La pregunta que la ciudadanía nacional debe hacerse es: ¿Qué capacidad real de entender y representar las necesidades y demandas de un 80% de bolivianos que viven debajo la línea de la pobreza tendrá esta ex Miss Bolivia, Abogada Magister en Business Managment y Jefa de Notaría, residente en una mansión de la ciudad con nivel de vida más alto en Bolivia?
Sea cual sea la respuesta de los ciudadanos, queda claro que permitir a un parlamento históricamente controlado por la oligarquía empresarial elegir al único nivel jerárquico realmente comprometido con la defensa del ciudadano es un error. El nombramiento del Defensor del Pueblo debe ser resultado de consulta y decisión popular.
En todo caso los parlamentarios representantes de la elite nacional pretenden una Defensora del Pueblo que garantice actitudes funcionales al estado, al gobierno y a la democracia parlamentaria gracias a la cual se sostienen sus intereses económicos y sus privilegios. Por eso hacen hoy floridas apologías de la necesidad de no crear separatismos ni distancias entre los diferentes sectores sociales, étnicos y económicos de la población, pretendiendo desconocer que el cargo de "Defensora" del Pueblo se creó ante la inobjetable evidencia de los abusos que los sectores privilegiados de la economía y la política de Bolivia cometían sobre las capas más desposeídas.
Ana María Romero fue una defensora que optó por la ofensiva como estrategia de protección al ciudadano. Por supuesto que ese tipo de "Defensora" del pueblo, no podría de ningún modo limitarse a registrar quejas o dilatar las demandas de justicia de la población con tediosas investigaciones o procesos burocráticos. Nadie en Bolivia, excepto las elites, en su urgencia de impunidad y privilegios, pretendía que el Defensor del Pueblo fuera una instancia de "mediación" inactiva y alegórica, similar a la Comisión Episcopal de la Iglesia Católica, a la Comisión de Derechos Humanos del Congreso o a las distintas "defensorías" creadas paralelamente con el discurso de "velar" por la mujer, la niñez y el consumidor, pero sin la seria intención de que su defensa del ciudadano llegara alguna vez al cuestionamiento de la autoridad, del orden social o del modelo económico.
Perspectivas del movimiento ciudadano frente al abuso parlamentario.

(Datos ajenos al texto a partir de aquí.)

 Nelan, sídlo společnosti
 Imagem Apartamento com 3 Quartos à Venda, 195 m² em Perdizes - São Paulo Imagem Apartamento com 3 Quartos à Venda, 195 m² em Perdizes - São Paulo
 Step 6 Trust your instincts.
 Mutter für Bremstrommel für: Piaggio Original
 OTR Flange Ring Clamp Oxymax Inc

Ana María Romero de Campero les enseñó a la cáfila de depredadores y oligarcas de este país, que "el hábito no hace a la monja" y que la virtud y la honradez para con la función a ella confiada por el estado y el pueblo, no tenía precio, ni siquiera el dudoso honor de la "gratitud" norteamericana ofrecida a ella a momento de conducir la huelga que integró a la clase media boliviana en el derrocamiento de Goni, ese dudoso honor que el silencio de su sucesor nos hace suponer que él si aceptó.

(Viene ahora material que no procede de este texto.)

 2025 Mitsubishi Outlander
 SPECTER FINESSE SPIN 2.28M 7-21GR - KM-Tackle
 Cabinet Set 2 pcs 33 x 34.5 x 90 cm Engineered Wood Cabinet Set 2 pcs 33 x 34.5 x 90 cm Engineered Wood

Esto nos recuerda algo que el dirigente de la Coordinadora de Defensa de los Recursos Naturales, Oscar Olivera, dijo a su regresó del Foro Contra el ALCA en Miami: "Nunca como con Sánchez de Lozada, lo verdaderos amos de este país mostraron la cara y asumieron el poder. Con Sánchez de Lozada el empresariado nacional, emparentado con el capital internacional, prescindió por primera vez del disfraz de la izquierda moderada y de la derecha fascista para gobernar el país ellos mismos". Creo que Oscar, que consideramos un amigo, no imagina qué tan cerca está de la verdad. Cuando parlamentarios que suelen ser irreconciliables enemigos divididos por el regionalismo, las diferencias partidarias o las características raciales, olvidan toda diferencia y se unen en torno a su credo común de preservar sus privilegios de clase y el orden jurídico en que estos se sustentan, la frase de Oscar le torna sencillamente preclaro.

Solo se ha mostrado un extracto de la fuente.